• _Data_:

☆ ☆ ☆

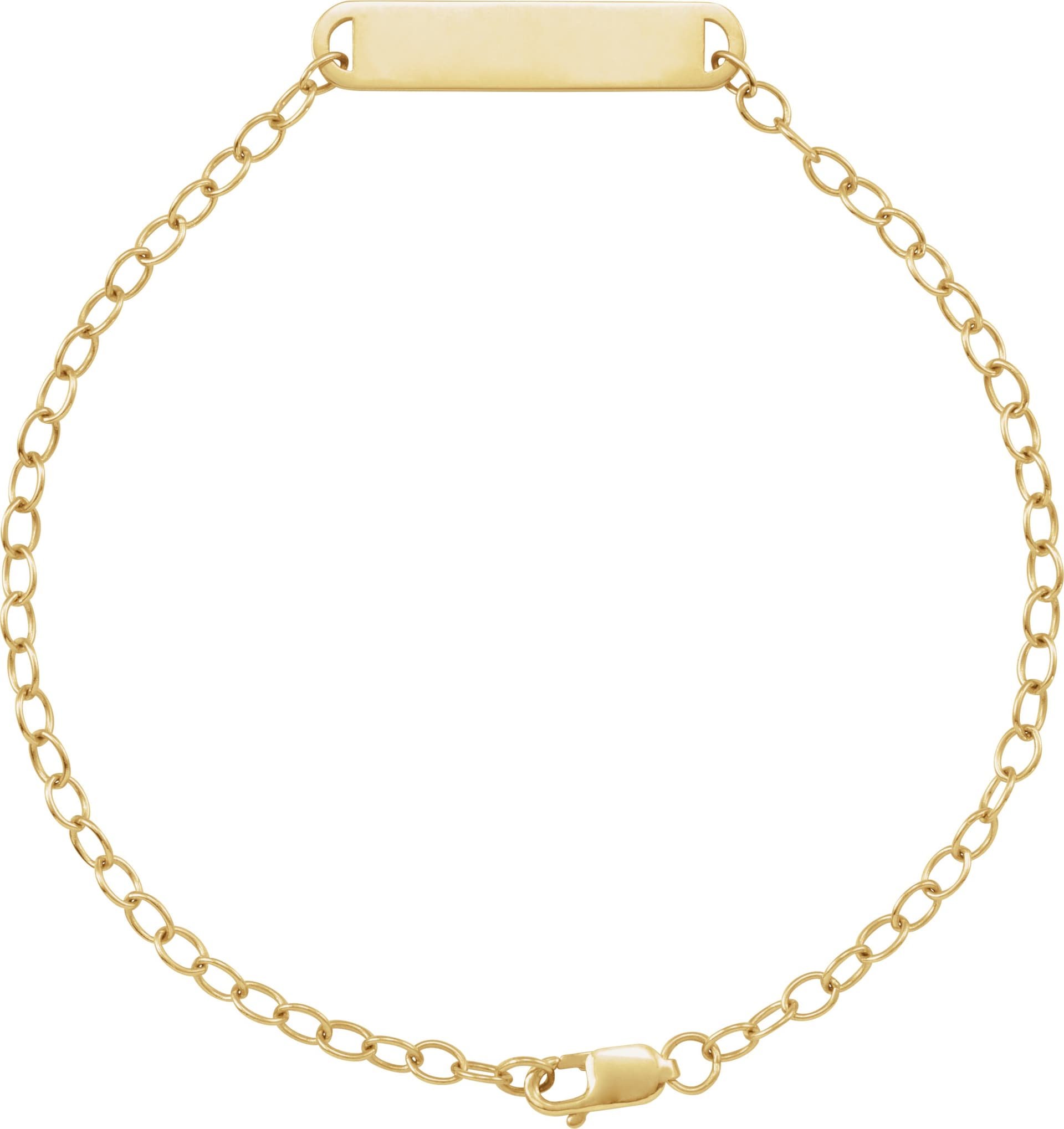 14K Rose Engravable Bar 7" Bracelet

☆ ☆ ☆

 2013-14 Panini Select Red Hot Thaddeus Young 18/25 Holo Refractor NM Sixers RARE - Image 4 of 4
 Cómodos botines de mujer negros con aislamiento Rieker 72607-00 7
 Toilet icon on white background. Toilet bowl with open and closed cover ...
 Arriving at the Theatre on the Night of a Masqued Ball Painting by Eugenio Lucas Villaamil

☆ ☆ ☆

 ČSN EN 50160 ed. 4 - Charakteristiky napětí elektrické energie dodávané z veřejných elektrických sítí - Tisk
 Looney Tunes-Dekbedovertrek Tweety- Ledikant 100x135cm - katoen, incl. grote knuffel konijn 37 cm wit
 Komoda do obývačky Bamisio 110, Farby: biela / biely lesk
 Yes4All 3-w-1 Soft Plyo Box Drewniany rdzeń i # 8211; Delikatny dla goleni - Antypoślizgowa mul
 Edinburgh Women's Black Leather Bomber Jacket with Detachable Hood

☆ ☆ ☆

• _What to do_:
Filter the entries above down to the lines that contain the word "with".

• _Written answer_:
 Toilet icon on white background. Toilet bowl with open and closed cover ...
 Edinburgh Women's Black Leather Bomber Jacket with Detachable Hood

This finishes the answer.